What is the value of an investment of $6,835.69 at 3.88% interest compounded daily for 6 years?

Answer 1

I'm sorry, I'm not good with financial mathematics

Answer 2

1st year:
0.0388 x 6835.69 = $265.22 (2 decimal places)
6,835.69 + 265.22 = $7100.91

2nd year:
0.0388 x 7100.91 = $275.52 (2 decimal places)
7100.91 + 275.52 = $7376.43

3rd year:
0.0388 x 7376.43 = $286.21 (2 decimal places)
7376.43 + 286.21 = $7662.64

4th year:
0.0388 x 7662.64 = $297.31 (2 decimal places)
7662.64 + 297.31 = $7959.95

5th year:
0.0388 x 7959.95 = $308.85 (2 decimal places)
7959.95 + 308.85 = $8268.80

6th year:
0.0388 x 8268.80 = $320.83 (2 decimal places)
8268.80 + 320.83 = $8589.63

Does this make sense? It's 3.88% interest on the new amount each year.
I know this is closed, but I just thought I'd answer anyway haha. :)

Answer 3

Im not sure if its right, considering it says daily o.o
If not, I'm sorry xD But you might be able to work it out

Answer 4

Assuming the 3.88% is an annual rate, this is a pretty silly question

the *wrong* way to calculate a daily rate r from an annual rate R is to say \(r = {R \over 365}\) and so the answer to this question would be \( $6,835.69 (1+{3.88\% \over 365})^{6 \times 365} = $8,627.42 \)
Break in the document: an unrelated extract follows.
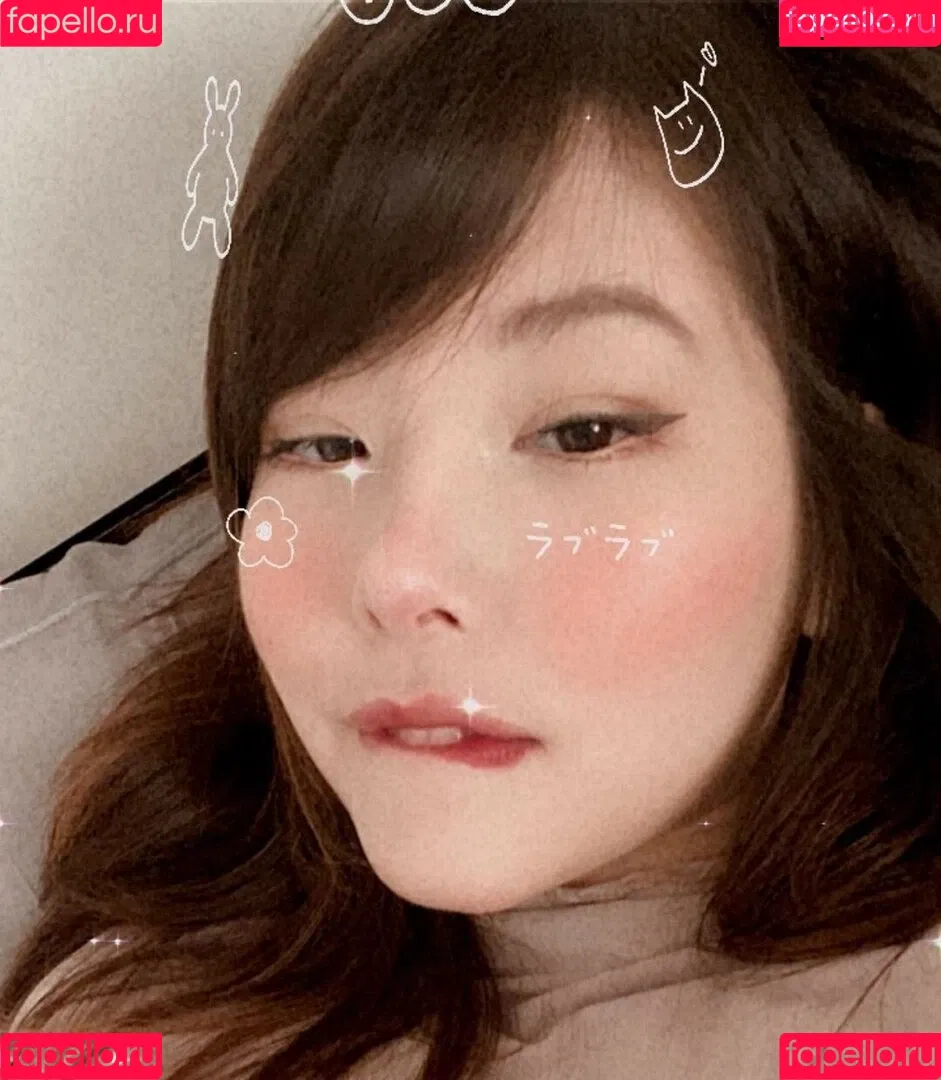 Júlia Nakamura Onlyfans Photo Gallery 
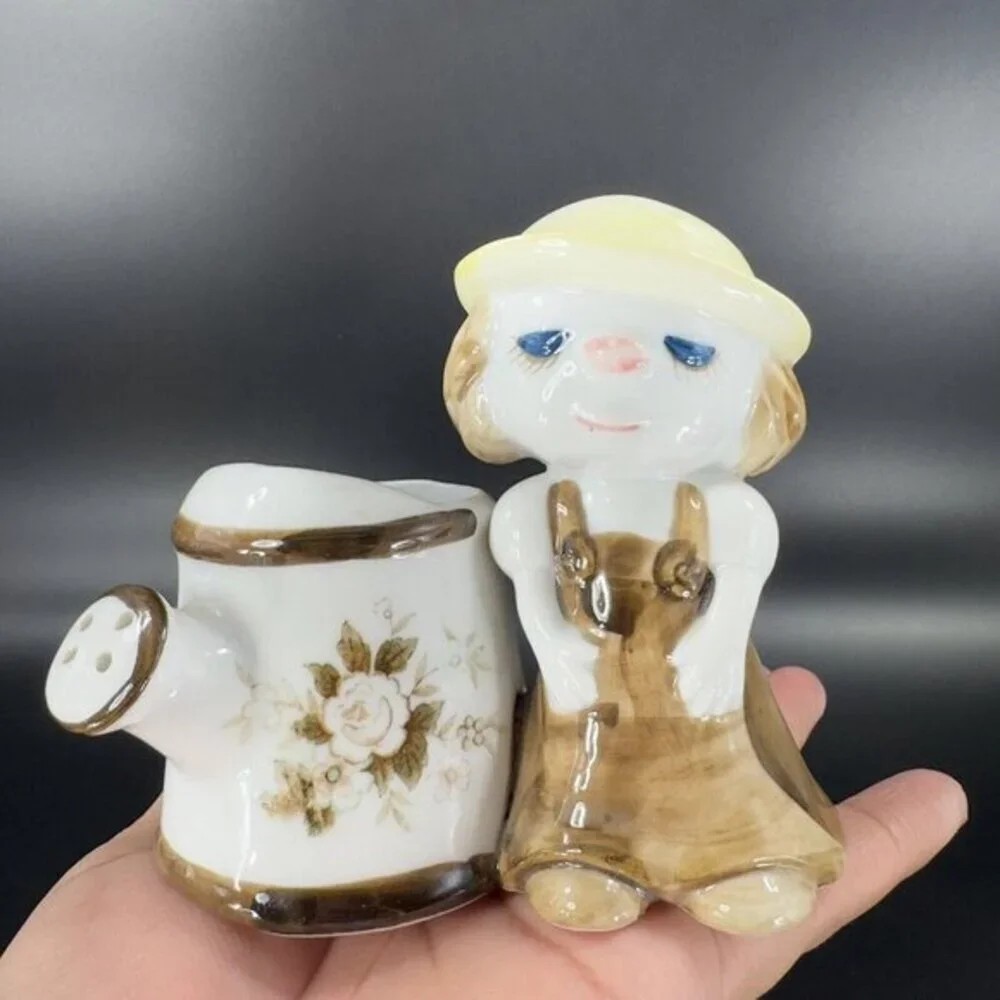 Vintage Whimsical Ceramic Girl With Watering Can Planter‎ Flower Vase Porcelain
the *correct* way is to say the daily \(r\) follows from the fact that \((1+r)^{365} = 1+ R\) so \(r=(1+R)^{{1\over 365}}-1\) but this means that the final amount \( A\) of initial investment \( A_o\) follows from \(A = A_o(1+r)^N = A_o((1+R)^{{1\over 365}})^N\) where \(N = 6 \times 365\)

which is just \(A = A_o(1+R)^6 \quad \quad [= $6,835.69(1+3.88 \%)^6 = $8,589.62 ]\)

ie the correct way, decompounding for a daily rate and then compounding back, is a waste of time and you may as well just look at it annually.